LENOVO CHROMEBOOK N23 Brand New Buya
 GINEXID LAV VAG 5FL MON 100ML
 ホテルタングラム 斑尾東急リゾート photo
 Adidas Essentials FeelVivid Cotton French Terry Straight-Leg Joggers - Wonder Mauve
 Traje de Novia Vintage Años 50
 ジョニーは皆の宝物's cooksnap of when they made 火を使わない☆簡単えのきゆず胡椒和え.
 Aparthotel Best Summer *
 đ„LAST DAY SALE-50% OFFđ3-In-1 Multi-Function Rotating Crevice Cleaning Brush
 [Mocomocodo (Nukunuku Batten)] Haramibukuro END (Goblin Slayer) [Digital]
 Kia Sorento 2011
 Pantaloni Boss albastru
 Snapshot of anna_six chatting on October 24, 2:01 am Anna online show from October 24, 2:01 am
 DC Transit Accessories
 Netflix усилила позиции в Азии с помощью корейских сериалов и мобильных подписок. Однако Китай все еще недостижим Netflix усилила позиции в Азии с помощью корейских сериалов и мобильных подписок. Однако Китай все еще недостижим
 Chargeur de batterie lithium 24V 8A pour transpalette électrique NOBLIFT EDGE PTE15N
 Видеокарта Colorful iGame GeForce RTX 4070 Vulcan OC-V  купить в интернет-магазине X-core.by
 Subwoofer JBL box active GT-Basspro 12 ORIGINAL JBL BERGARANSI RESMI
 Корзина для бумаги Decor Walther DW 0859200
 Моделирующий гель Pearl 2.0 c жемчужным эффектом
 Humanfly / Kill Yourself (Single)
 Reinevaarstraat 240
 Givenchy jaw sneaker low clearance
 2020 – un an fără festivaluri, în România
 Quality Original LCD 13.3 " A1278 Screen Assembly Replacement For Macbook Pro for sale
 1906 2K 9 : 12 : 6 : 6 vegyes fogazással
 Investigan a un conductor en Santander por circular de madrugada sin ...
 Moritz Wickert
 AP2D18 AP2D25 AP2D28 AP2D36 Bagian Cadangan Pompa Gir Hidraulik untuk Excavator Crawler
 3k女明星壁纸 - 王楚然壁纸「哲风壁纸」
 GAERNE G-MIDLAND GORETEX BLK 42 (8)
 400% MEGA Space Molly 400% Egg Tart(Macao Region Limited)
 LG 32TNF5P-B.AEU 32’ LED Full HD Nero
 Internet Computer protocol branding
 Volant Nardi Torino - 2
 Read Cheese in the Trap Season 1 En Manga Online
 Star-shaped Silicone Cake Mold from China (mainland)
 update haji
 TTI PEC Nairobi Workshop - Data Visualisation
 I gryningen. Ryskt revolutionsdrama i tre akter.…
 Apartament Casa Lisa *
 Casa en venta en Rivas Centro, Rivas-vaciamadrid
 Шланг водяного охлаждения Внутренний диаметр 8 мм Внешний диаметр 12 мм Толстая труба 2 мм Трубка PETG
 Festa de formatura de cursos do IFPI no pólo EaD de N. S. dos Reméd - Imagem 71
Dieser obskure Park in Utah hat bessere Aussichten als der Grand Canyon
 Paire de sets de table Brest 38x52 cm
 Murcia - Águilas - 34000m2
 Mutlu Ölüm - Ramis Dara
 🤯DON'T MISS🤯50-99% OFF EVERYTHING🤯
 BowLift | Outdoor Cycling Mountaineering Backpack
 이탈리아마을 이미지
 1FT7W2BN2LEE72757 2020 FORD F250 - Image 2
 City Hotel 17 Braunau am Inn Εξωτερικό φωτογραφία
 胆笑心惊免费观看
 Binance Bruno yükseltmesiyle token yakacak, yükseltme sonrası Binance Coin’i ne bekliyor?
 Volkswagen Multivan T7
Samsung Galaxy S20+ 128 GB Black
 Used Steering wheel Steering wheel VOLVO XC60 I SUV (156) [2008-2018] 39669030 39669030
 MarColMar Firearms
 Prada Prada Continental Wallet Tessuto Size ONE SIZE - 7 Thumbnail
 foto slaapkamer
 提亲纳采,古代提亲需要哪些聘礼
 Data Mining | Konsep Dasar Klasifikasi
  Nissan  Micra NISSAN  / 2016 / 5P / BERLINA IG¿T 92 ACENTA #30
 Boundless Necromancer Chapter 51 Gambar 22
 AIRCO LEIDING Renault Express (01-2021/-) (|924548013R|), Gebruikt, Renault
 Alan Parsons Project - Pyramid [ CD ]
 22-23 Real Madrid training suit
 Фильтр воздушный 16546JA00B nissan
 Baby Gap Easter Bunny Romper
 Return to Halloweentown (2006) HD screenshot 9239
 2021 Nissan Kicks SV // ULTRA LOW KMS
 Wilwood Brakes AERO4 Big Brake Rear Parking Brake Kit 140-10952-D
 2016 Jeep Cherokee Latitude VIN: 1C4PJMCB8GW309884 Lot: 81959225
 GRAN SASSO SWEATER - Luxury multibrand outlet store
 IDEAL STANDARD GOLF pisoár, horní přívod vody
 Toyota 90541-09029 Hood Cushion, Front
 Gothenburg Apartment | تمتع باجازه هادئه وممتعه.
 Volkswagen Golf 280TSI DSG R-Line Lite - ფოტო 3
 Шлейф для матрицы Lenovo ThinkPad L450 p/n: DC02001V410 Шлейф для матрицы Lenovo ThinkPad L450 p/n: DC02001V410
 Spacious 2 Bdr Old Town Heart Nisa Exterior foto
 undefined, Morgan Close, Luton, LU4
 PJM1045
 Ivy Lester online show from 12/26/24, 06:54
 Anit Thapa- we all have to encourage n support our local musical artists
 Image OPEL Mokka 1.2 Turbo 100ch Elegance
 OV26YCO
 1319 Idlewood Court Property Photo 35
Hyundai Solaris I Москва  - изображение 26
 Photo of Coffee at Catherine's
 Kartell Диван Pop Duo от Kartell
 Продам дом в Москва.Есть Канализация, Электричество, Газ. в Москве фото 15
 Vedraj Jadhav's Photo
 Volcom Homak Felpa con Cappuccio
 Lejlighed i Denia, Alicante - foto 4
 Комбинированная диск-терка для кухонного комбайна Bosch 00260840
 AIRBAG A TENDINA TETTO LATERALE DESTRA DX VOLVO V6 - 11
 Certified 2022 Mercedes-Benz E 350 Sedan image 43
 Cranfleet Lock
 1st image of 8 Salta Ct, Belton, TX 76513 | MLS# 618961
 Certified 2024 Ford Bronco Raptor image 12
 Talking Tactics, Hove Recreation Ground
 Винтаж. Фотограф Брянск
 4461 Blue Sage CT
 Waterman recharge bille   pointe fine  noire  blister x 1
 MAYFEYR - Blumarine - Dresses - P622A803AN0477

....

- Work to complete:
Pull every line containing "Volkswagen" out of the material and copy it.

- Final answer:
 Volkswagen Multivan T7
 Volkswagen Golf 280TSI DSG R-Line Lite - ფოტო 3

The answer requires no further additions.